= WHAT THIS TASK INVOLVES =
Return the entries verbatim and drop every picture.

= EXCERPTED DATA =

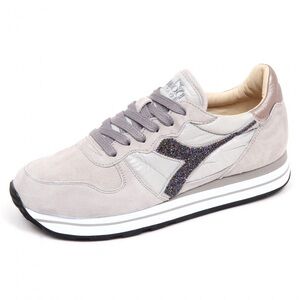 Diadora Heritage Camaro Sneakers Gray Ash Dust Swarovski Crystals Brand New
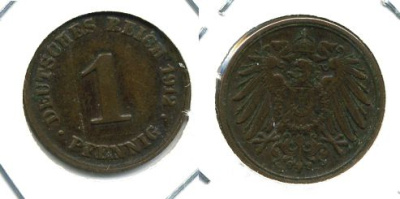 ГЕРМАНИЯ 1 ПФЕННИГ 1912 D KM 10, J.10 медь 701-343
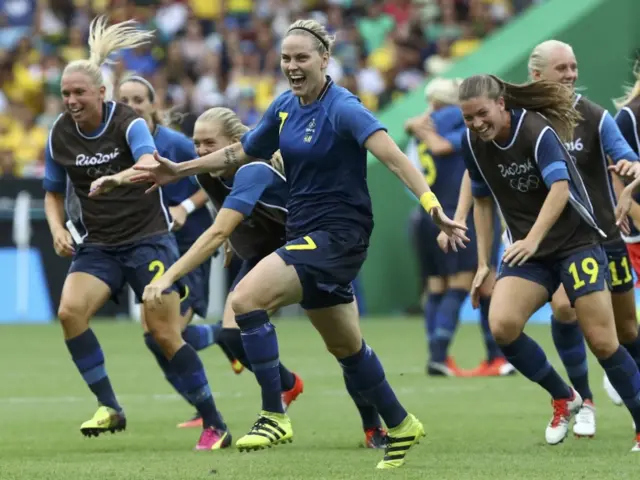 Sweden celebrate penalties win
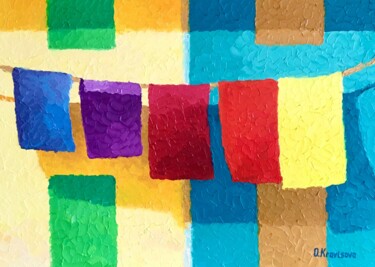 Painting titled ""5 steps - 5 moment…" by Oxypoint, Original Artwork, Oil Mounted on Wood Stretcher frame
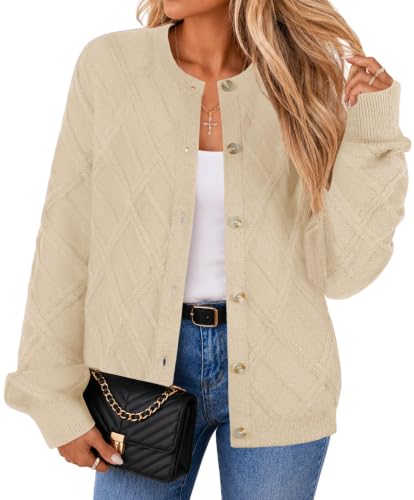 Lazysmile Cozy Sweaters for Women 2026 Trendy Button up Cardigans Apricot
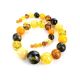Bold Multicolor Amber Ball Beaded Necklace, image , picture 4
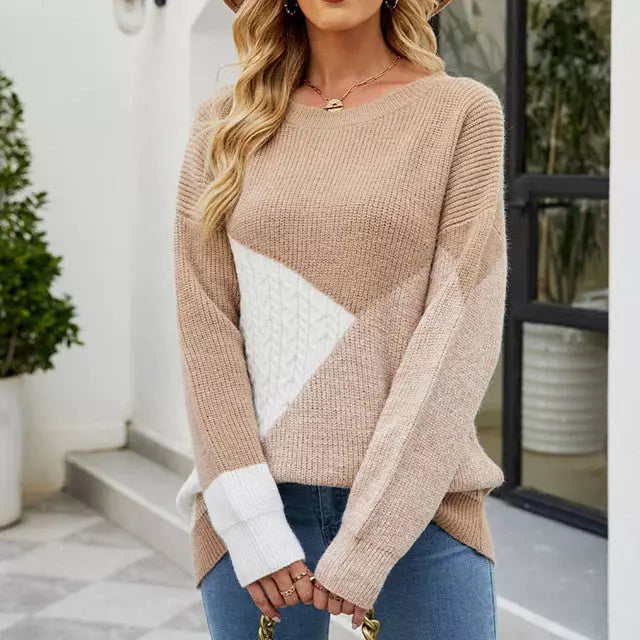 Pull Femme - Maille Tricotée - Coupe Ample - Manches Longues - Motif Géométrique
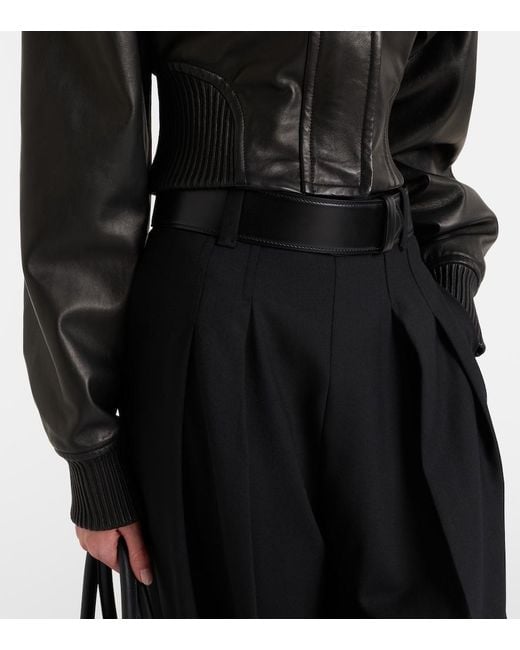 Sportmax Black Ossido Leather Blouson Jacket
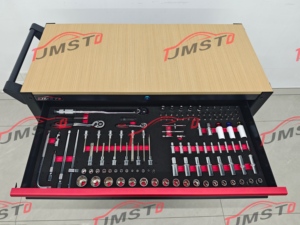 Banc de travail classique en <span class=keywords><strong>bois</strong></span> avec dessus en acier SPCC rouge, 12 tiroirs, ensemble d'outils manuels professionnels de 471 pièces avec serrure à clé, OEM disponible - Product Image 5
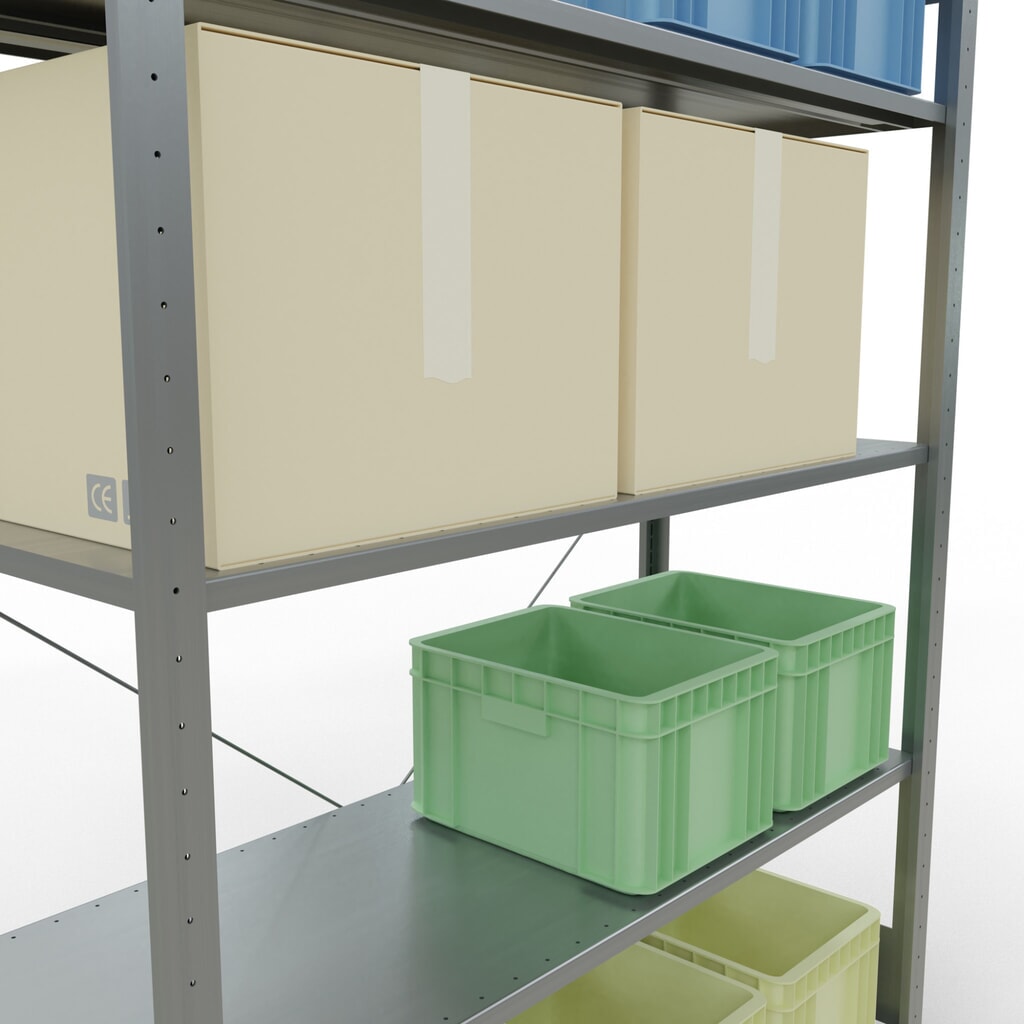Legbordstelling SCHULTE, verzinkt, met 5 legborden van plaatstaal, vaklast 150 kg, hxbxd 2.000 x 1.360 x 536 mm Productafbeelding nr. 4: Legbordstelling SCHULTE, verzinkt, met 5 legborden van plaatstaal, vaklast 150 kg, hxbxd 2.000 x 1.360 x 536 mm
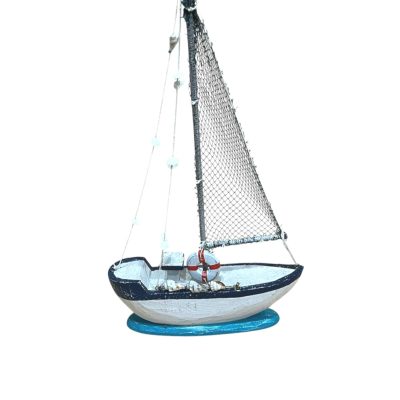 Barco c/red flotador y conchas 55cm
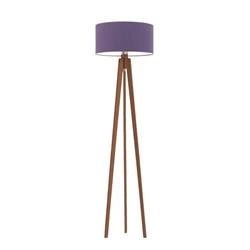 Stojací lampa do obýváku MIAMI tripod glamour s fialovým stínidlem a mahagonovou konstrukcí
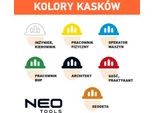 Neo Tools Casco Industriale Con Mentoniera, Circonferenza Regolabile 52-64 Cm, Materiale: Abs, Bretella A 6 Punti, Mentoniera A 4 Punti, Intervallo Di Temperatura -30°C/+50°C
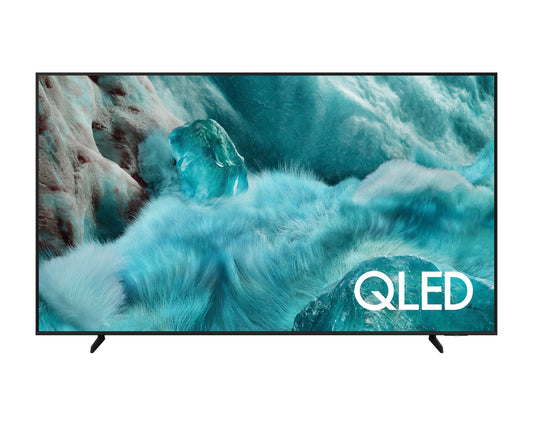 Front view of Samsung QA65Q7F 65-inch QLED 4K Smart TV with vibrant display on screen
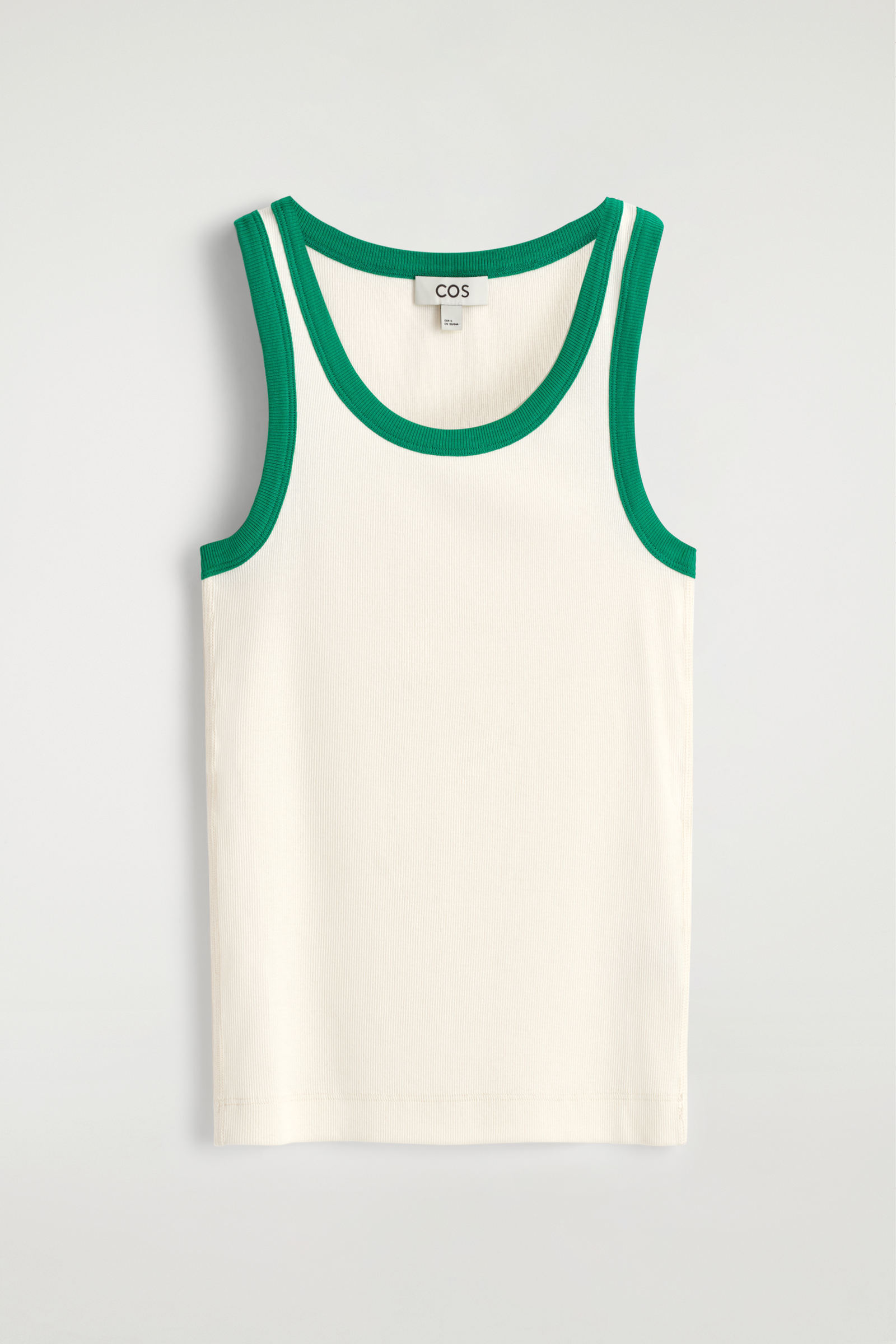 RIBBED COTTON TANK TOPWHITE / GREEN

= ANSWER BOX =
 Diadora Heritage Camaro Sneakers Gray Ash Dust Swarovski Crystals Brand New
 ГЕРМАНИЯ 1 ПФЕННИГ 1912 D KM 10, J.10 медь 701-343
 Sweden celebrate penalties win
 Painting titled ""5 steps - 5 moment…" by Oxypoint, Original Artwork, Oil Mounted on Wood Stretcher frame
 Lazysmile Cozy Sweaters for Women 2026 Trendy Button up Cardigans Apricot
Bold Multicolor Amber Ball Beaded Necklace, image , picture 4
 Pull Femme - Maille Tricotée - Coupe Ample - Manches Longues - Motif Géométrique
 Sportmax Black Ossido Leather Blouson Jacket
 Banc de travail classique en <span class=keywords><strong>bois</strong></span> avec dessus en acier SPCC rouge, 12 tiroirs, ensemble d'outils manuels professionnels de 471 pièces avec serrure à clé, OEM disponible - Product Image 5
Legbordstelling SCHULTE, verzinkt, met 5 legborden van plaatstaal, vaklast 150 kg, hxbxd 2.000 x 1.360 x 536 mm Productafbeelding nr. 4: Legbordstelling SCHULTE, verzinkt, met 5 legborden van plaatstaal, vaklast 150 kg, hxbxd 2.000 x 1.360 x 536 mm
 Barco c/red flotador y conchas 55cm
 Stojací lampa do obýváku MIAMI tripod glamour s fialovým stínidlem a mahagonovou konstrukcí
 Neo Tools Casco Industriale Con Mentoniera, Circonferenza Regolabile 52-64 Cm, Materiale: Abs, Bretella A 6 Punti, Mentoniera A 4 Punti, Intervallo Di Temperatura -30°C/+50°C
 Front view of Samsung QA65Q7F 65-inch QLED 4K Smart TV with vibrant display on screen
 RIBBED COTTON TANK TOPWHITE / GREEN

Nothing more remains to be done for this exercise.